[Opening GIVEN MATERIAL section]
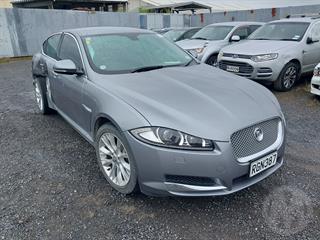 2014 Jaguar XF Sedan Photo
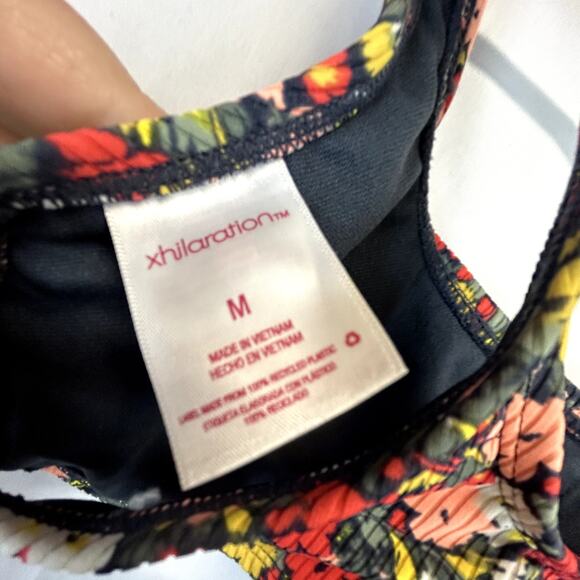 Xhilaration Medium Swim Suit Bikini 2-piece made in Vietnam red and  print - Picture 4 of 12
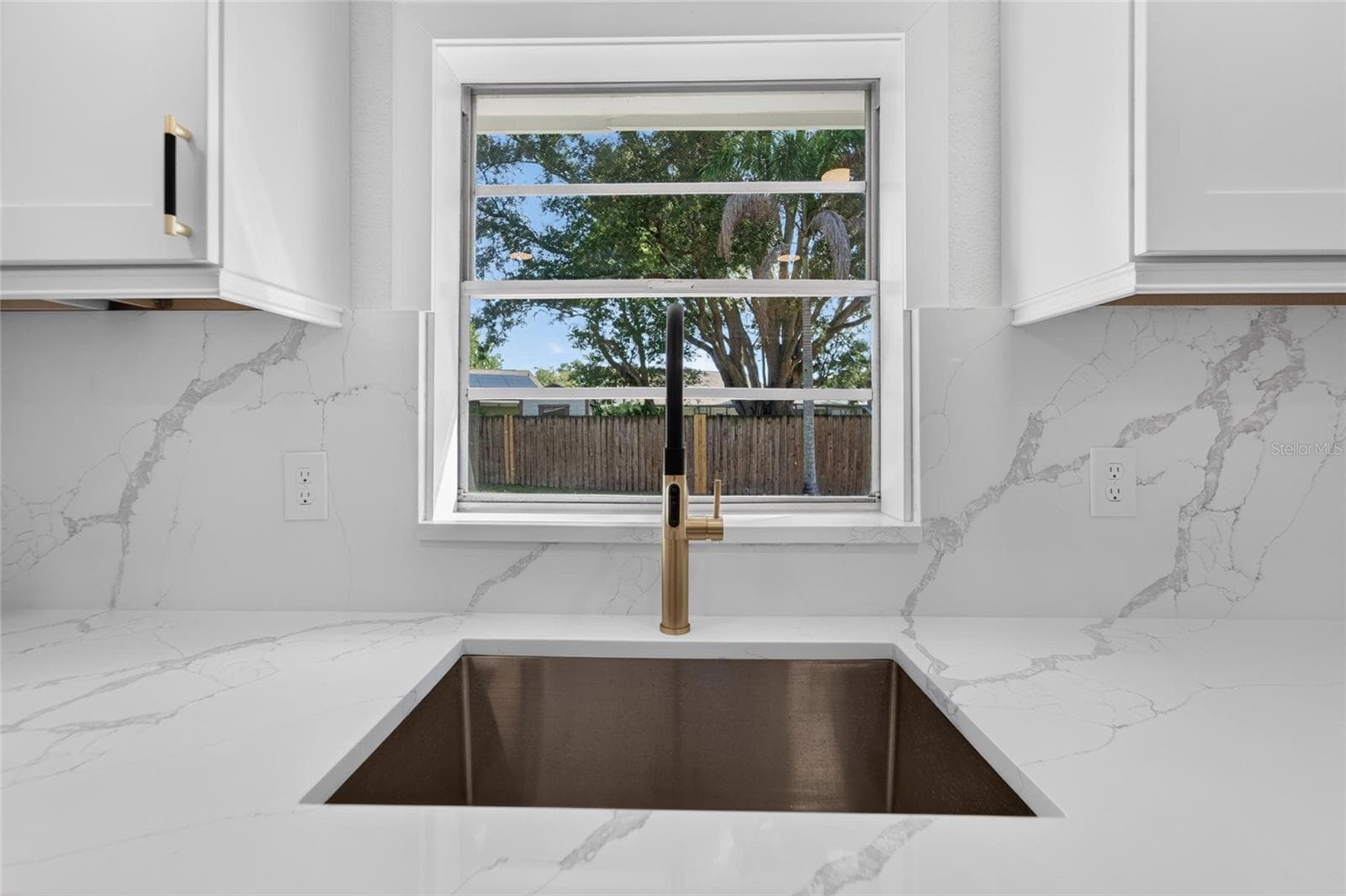 Single Family Residence at 522 HIGHVIEW CIR N, BRANDON, photo 32 of 66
[Closing GIVEN MATERIAL section]
# WHAT THIS TASK INVOLVES
The required output is an exact copy of the lines from the one with "Xhilaration Medium Swim" through the final line of the data above, with pictures removed.

# YOUR RESPONSE
 Xhilaration Medium Swim Suit Bikini 2-piece made in Vietnam red and  print - Picture 4 of 12
 Single Family Residence at 522 HIGHVIEW CIR N, BRANDON, photo 32 of 66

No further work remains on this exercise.